There are a few reasons why what he said doesn’t add up. But let’s start with his assumptions. First, large bitcoin-mining operations use hundreds or thousands of powerful computers, which create a demand for power. If power plants can profitably mine bitcoin using the electricity they generate—and there are examples of that already—it stands to reason that bitcoin mining could create enough demand that investors would be enticed to build new power plants. Those plants could theoretically be tasked with providing power to the grid in cases of emergency.
At first glance, the argument holds up. But if you dig into it, even just a bit, things quickly fall apart.
For one, the blackouts during Texas’ February cold snap happened because power companies failed to winterize their generators, whether they were natural gas, coal, nuclear, or wind. Lives were at stake, and yet the companies didn’t prepare for the worst. Unlike power plants that serve the grid, bitcoin mining isn’t critical infrastructure—no one dies if a crypto data center shuts down. Plus, bitcoin miners are in the game first and foremost for the money, and they would be loath to spend extra cash to winterize their operations.
But let’s say the power stays on but demand surges. In that case, bitcoin miners would be unlikely to offer their generating capacity to the grid unless they were sufficiently compensated. Texas already has a system like that in place, offering generators a premium for bringing additional power online during shortages. During the February cold snap, wholesale electricity prices surged to $9,000 per MWh, the maximum allowed by law, leading to electricity bills as high as $10,000 for some people.

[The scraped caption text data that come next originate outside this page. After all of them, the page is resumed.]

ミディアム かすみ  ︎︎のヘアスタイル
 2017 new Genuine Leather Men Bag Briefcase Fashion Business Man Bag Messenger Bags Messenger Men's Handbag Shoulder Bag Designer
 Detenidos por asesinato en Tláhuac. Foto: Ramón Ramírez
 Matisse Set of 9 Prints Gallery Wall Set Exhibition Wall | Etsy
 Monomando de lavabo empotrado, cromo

That raises all sorts of ethical questions, of course—for one, should power companies sell people plans with hidden fees that surge in times of greatest need? Should people from other states have to shoulder the cost? But brushing those concerns aside, bitcoin miners would likely demand around $600 per MWh, far more than average Texas wholesale electricity rates, which were $22 per MWh last year though less than the $9,000 per MWh cap. Those $10,000 would drop to a much more palatable $670.
All of this assumes, though, that bitcoin mining would spur sufficient demand to replace all of the power lost during the February cold snap, when Texas lost half its generating capacity, or 52.3 GW. At today’s prices, building extra capacity to make up for that sort of loss would cost around $50 billion.
Costs to winterize Texas’ existing power plants vary greatly, from $400 million for all fossils and nuclear sources to up to $5-20 billion if natural gas infrastructure is included. At those prices, winterization looks like a more cost effective way to stabilize Texas’ grid.
Correction 10/16 3pm: The cost estimate for bitcoin miners’ incentives to give power to the grid has been updated and is now based on a top-down calculation assuming $61,000 per BTC, network hashrate of 143 million TH/sec, and all new miners running Antminer S19 Pros (current at the time of correction).